Nothing but the lines below between the line holding "Сексуалды бала Эми Роуз" and the line holding "天钡GEM12上架 最强的锐龙7 8845HS迷你主机", inclusive, should appear in the answer, each set down exactly.

#### Data provided

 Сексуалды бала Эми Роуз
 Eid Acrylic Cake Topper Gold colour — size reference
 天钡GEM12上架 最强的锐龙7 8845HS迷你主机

########
#### Data provided

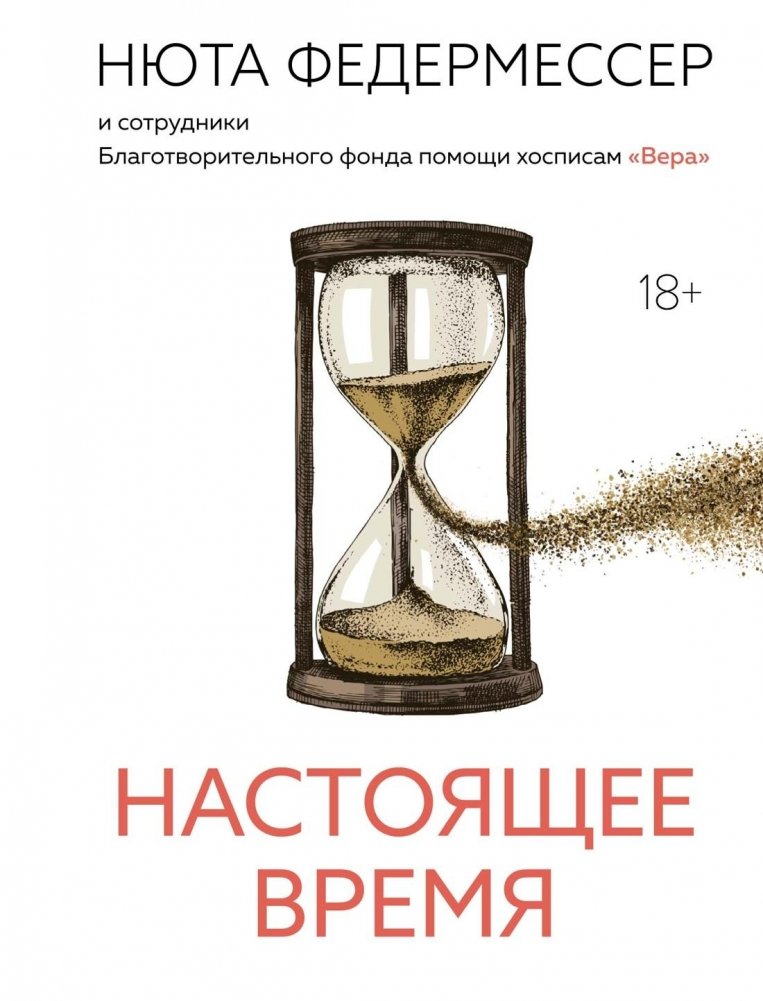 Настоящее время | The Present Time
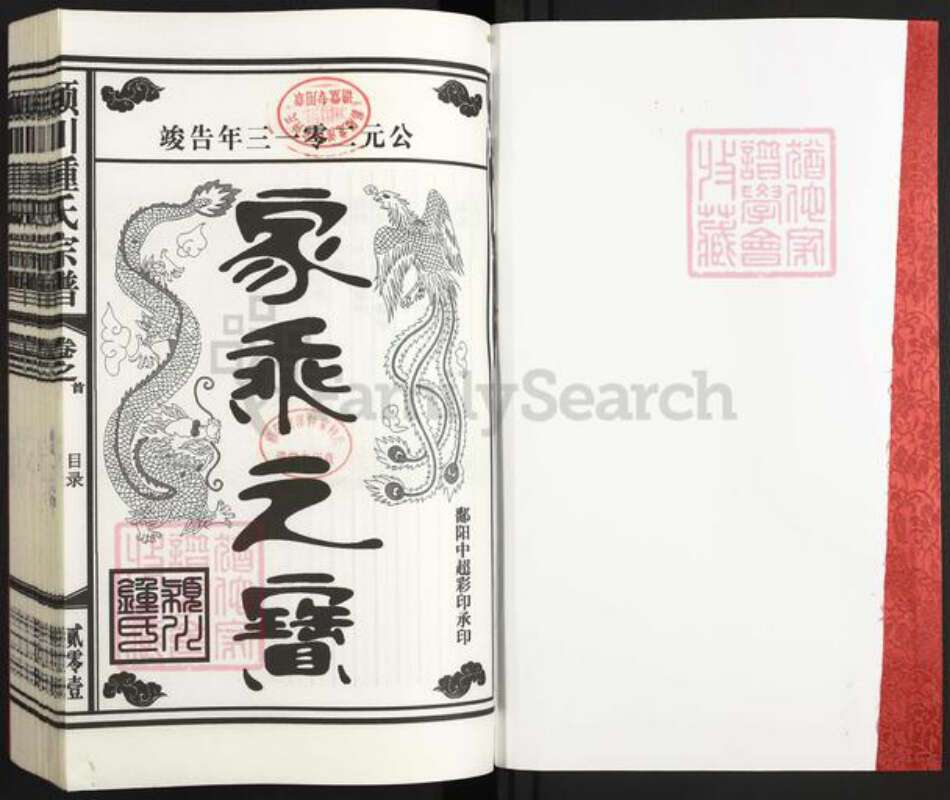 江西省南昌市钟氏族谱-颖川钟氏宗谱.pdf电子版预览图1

########

### Reply
 Сексуалды бала Эми Роуз
 Eid Acrylic Cake Topper Gold colour — size reference
 天钡GEM12上架 最强的锐龙7 8845HS迷你主机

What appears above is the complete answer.